We rolled the marketing for this program into our marketing for National Library Week, with emails to the school community, advertising on the library website, and printed fliers posted in the building. I used Canva to create the publicity materials. (View these materials under Attachments at right.) This program had very little marketing, yet was a very successful part of National Library Week, and even one of our most buzzed-about programs on campus this year.

I had initially limited registration to 25 people, but fortunately bought a few more supplies that I thought I would need because I had over 30 people attend the workshop. The most successful part of this program, in my opinion, was the diversity of the participants from all over campus, with students, faculty and staff all in attendance.

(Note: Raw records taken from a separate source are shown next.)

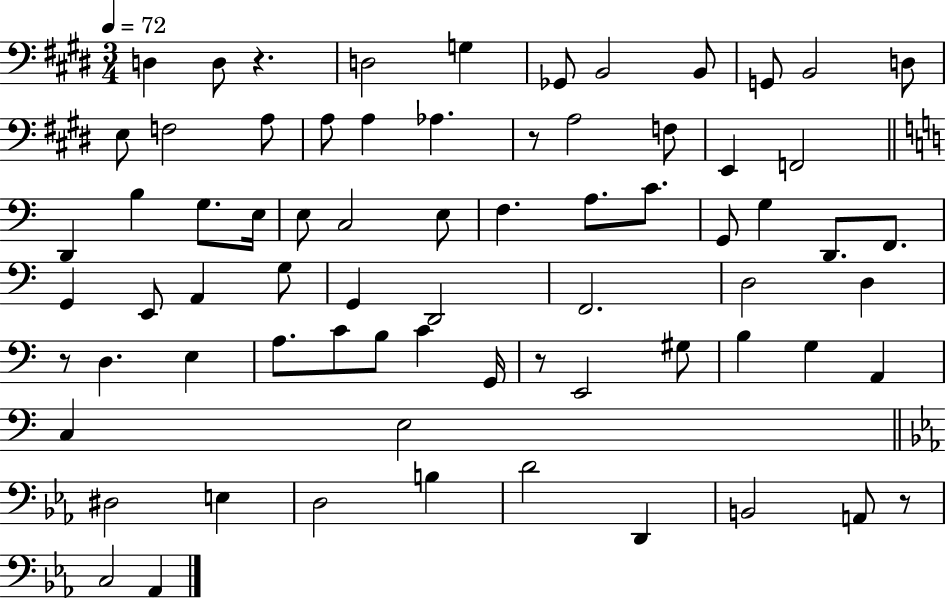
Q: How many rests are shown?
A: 5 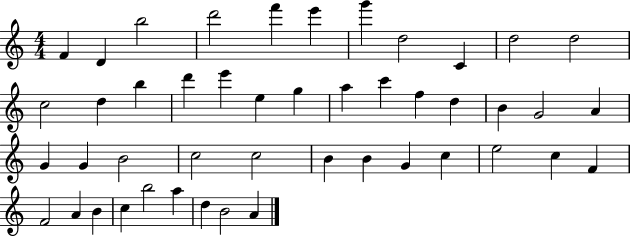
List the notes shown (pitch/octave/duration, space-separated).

F4/q D4/q B5/h D6/h F6/q E6/q G6/q D5/h C4/q D5/h D5/h C5/h D5/q B5/q D6/q E6/q E5/q G5/q A5/q C6/q F5/q D5/q B4/q G4/h A4/q G4/q G4/q B4/h C5/h C5/h B4/q B4/q G4/q C5/q E5/h C5/q F4/q F4/h A4/q B4/q C5/q B5/h A5/q D5/q B4/h A4/q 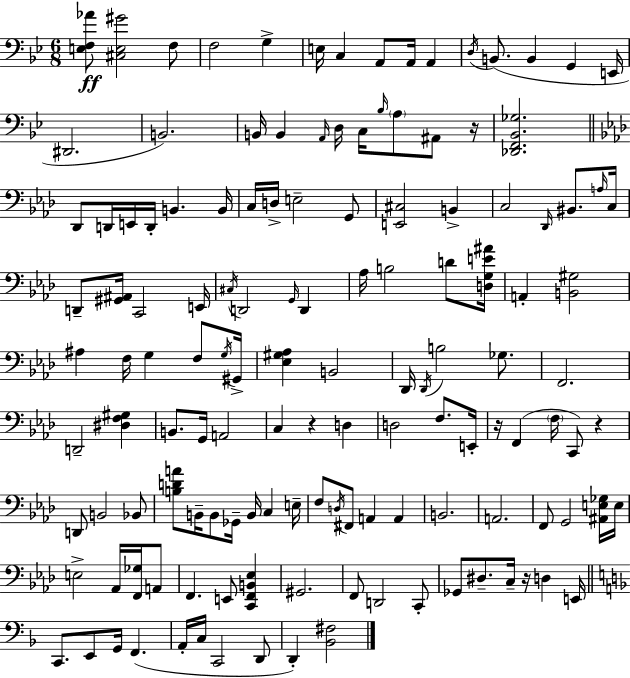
X:1
T:Untitled
M:6/8
L:1/4
K:Bb
[E,F,_A]/2 [^C,E,^G]2 F,/2 F,2 G, E,/4 C, A,,/2 A,,/4 A,, D,/4 B,,/2 B,, G,, E,,/4 ^D,,2 B,,2 B,,/4 B,, A,,/4 D,/4 C,/4 _B,/4 A,/2 ^A,,/2 z/4 [_D,,F,,_B,,_G,]2 _D,,/2 D,,/4 E,,/4 D,,/4 B,, B,,/4 C,/4 D,/4 E,2 G,,/2 [E,,^C,]2 B,, C,2 _D,,/4 ^B,,/2 A,/4 C,/4 D,,/2 [^G,,^A,,]/4 C,,2 E,,/4 ^C,/4 D,,2 G,,/4 D,, _A,/4 B,2 D/2 [D,G,E^A]/4 A,, [B,,^G,]2 ^A, F,/4 G, F,/2 G,/4 ^G,,/4 [_E,^G,_A,] B,,2 _D,,/4 _D,,/4 B,2 _G,/2 F,,2 D,,2 [^D,F,^G,] B,,/2 G,,/4 A,,2 C, z D, D,2 F,/2 E,,/4 z/4 F,, F,/4 C,,/2 z D,,/2 B,,2 _B,,/2 [B,DA]/2 B,,/4 B,,/2 _G,,/4 B,,/4 C, E,/4 F,/2 D,/4 ^F,,/2 A,, A,, B,,2 A,,2 F,,/2 G,,2 [^A,,E,_G,]/4 E,/4 E,2 _A,,/4 [F,,_G,]/4 A,,/2 F,, E,,/2 [C,,F,,B,,_E,] ^G,,2 F,,/2 D,,2 C,,/2 _G,,/2 ^D,/2 C,/4 z/4 D, E,,/4 C,,/2 E,,/2 G,,/4 F,, A,,/4 C,/4 C,,2 D,,/2 D,, [_B,,^F,]2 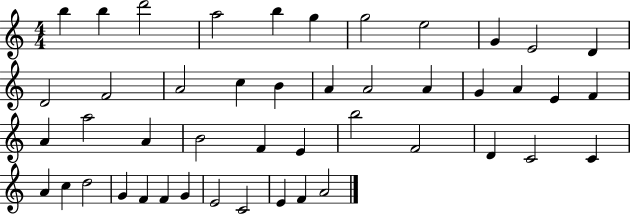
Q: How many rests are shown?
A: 0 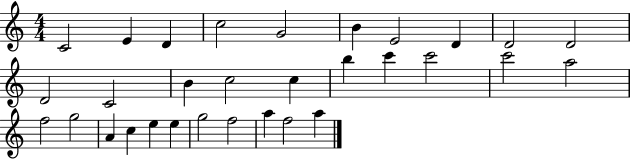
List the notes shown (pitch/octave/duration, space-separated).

C4/h E4/q D4/q C5/h G4/h B4/q E4/h D4/q D4/h D4/h D4/h C4/h B4/q C5/h C5/q B5/q C6/q C6/h C6/h A5/h F5/h G5/h A4/q C5/q E5/q E5/q G5/h F5/h A5/q F5/h A5/q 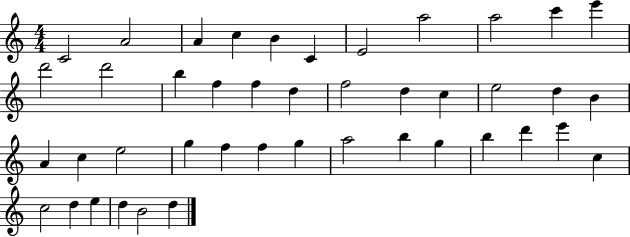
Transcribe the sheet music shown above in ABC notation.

X:1
T:Untitled
M:4/4
L:1/4
K:C
C2 A2 A c B C E2 a2 a2 c' e' d'2 d'2 b f f d f2 d c e2 d B A c e2 g f f g a2 b g b d' e' c c2 d e d B2 d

This project has a tendency to get expensive, so I would suggest having a firm limit on the number of participants; supplies that may not seem expensive on a small scale suddenly become exorbitant when buying for 25 or more people. I would also recommend determining what you already have on hand that could supplement buying materials, or ask patrons to provide some of their own supplies (such as a container) to cut costs. Our workshop averaged $6 to $7 per person and included all of the following supplies to build a complete terrarium:

  • small rocks or stones for the base of the container and for decoration
  • Spanish moss to layer over the stones and to help with drainage
  • sand, which adds more color to the terrarium and helps with drainage; it also looks nice at the top of the terrarium as decoration
  • potting soil made especially for cactus plants
  • plants, such as succulents; it is important to note that succulents should only be housed in open air terrariums (without a lid) because they do better in a drier climate with less moisture and humidity
  • additional (optional) decorations such as stones, glass beads, peat moss or miniature figures

Day-of-event Activity

I covered the tables in our largest meeting room with vinyl tablecloths, which made for easier clean-up after the program; all I had to do was roll up the cloths with the dirt and sand and throw them into the trash. The tables were set up with all the necessary supplies, including an empty glass jar and set of instructions at every chair.

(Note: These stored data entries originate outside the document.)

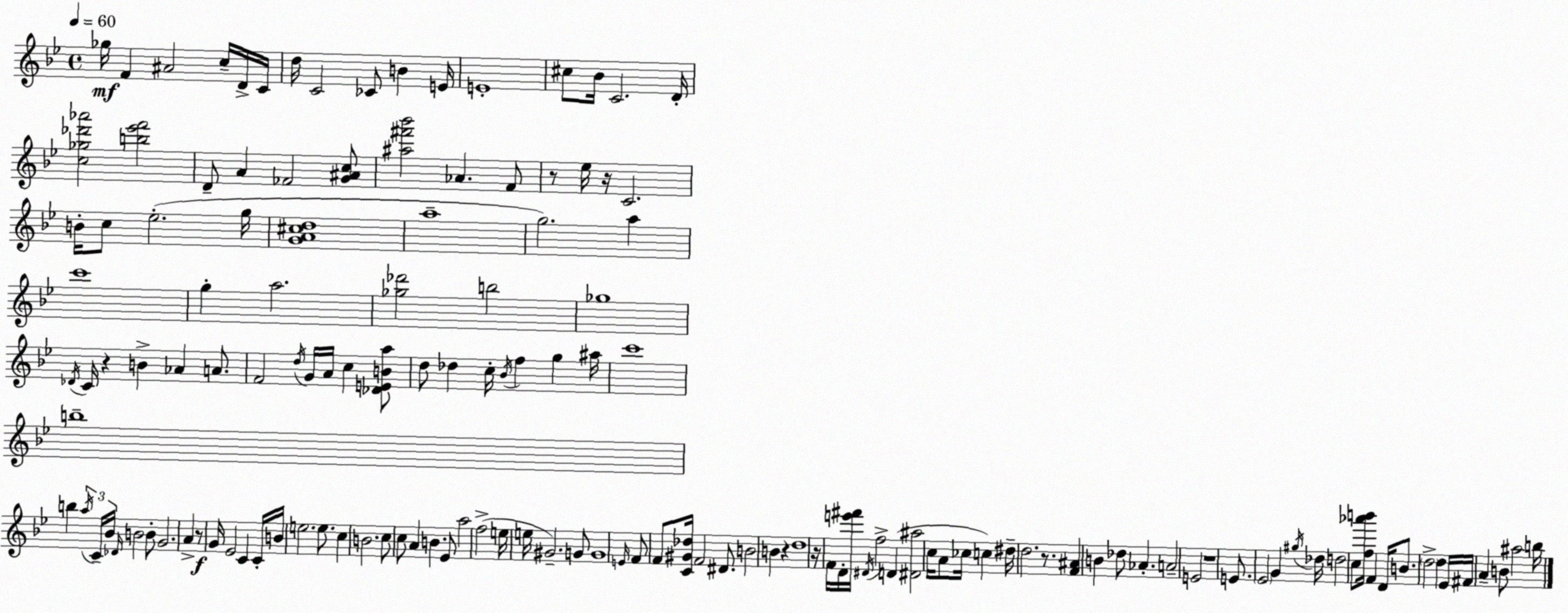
X:1
T:Untitled
M:4/4
L:1/4
K:Gm
_g/4 F ^A2 c/4 D/4 C/4 d/4 C2 _C/2 B E/4 E4 ^c/2 _B/4 C2 D/4 [c_g_d'_a']2 [b_e'f']2 D/2 A _F2 [G^Ac]/2 [^a^f'_b']2 _A F/2 z/2 _e/4 z/4 C2 B/4 c/2 _e2 g/4 [GA^cd]4 a4 g2 a c'4 g a2 [_g_d']2 b2 _g4 _D/4 C/4 z B _A A/2 F2 d/4 G/4 A/4 c [_DEBa]/2 d/2 _d c/4 _B/4 f g ^a/4 c'4 b4 b a/4 C/4 _B/4 _D/4 B2 B/2 G2 A z/2 G/4 _E2 C C/4 B/4 e2 e/2 c B2 c/2 c/2 A B _E/2 a2 f2 e/4 e/4 ^G2 G/2 G4 E/4 F/2 F/2 [C^G_d]/4 F2 ^D/2 B2 B z d4 z/4 F/4 D/4 [e'^f']/4 ^D/4 f2 D [^D^a]2 c/4 A/2 _c/4 c ^d/4 d2 z/2 [F^A] B _d/2 _A A2 E2 z4 E/2 _E2 G ^g/4 _d/4 d2 c/2 [f_a'b']/4 F D/4 B/2 d2 d _E/4 ^F/4 A B/2 ^a2 b/4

The program was advertised to take place during lunch (around 12 to 1:30 p.m.), yet I had to take into account that different groups of people (faculty, staff and students) had slightly different schedules. To accommodate this, I allowed participants to get started as they arrived without waiting for the entire group, and I answered questions or replenished materials as needed. 

I had two other librarians assist with set-up and clean-up, but only one person was really needed to facilitate the project, so I was the only staff member in the room the entire time. 

Program Execution

Once participants started to arrive the program was very easy to facilitate. I instructed each person to take an open seat and then let them get to work as they saw fit, checking in on each table to see if they needed anything.

I received very positive feedback from those who attended the workshop, with comments on how relaxing it was to be able to dig into soil and create something during a stressful day.


If you are planning to run a program like this in the future, my strong advice would be to start planning earlier so that you are not forced to make potentially more expensive choices at the last minute. Research what type of terrarium you would like to make (either open or closed), and price out supplies well in advance to cut money spent in shipping, if necessary, and to limit your stress.

If you have flexibility in your budget, buy more supplies than you think you may need and keep the receipts so you can return the unused merchandise. I was glad to have the additional materials and ended up dipping into my extra stock to accommodate participant needs.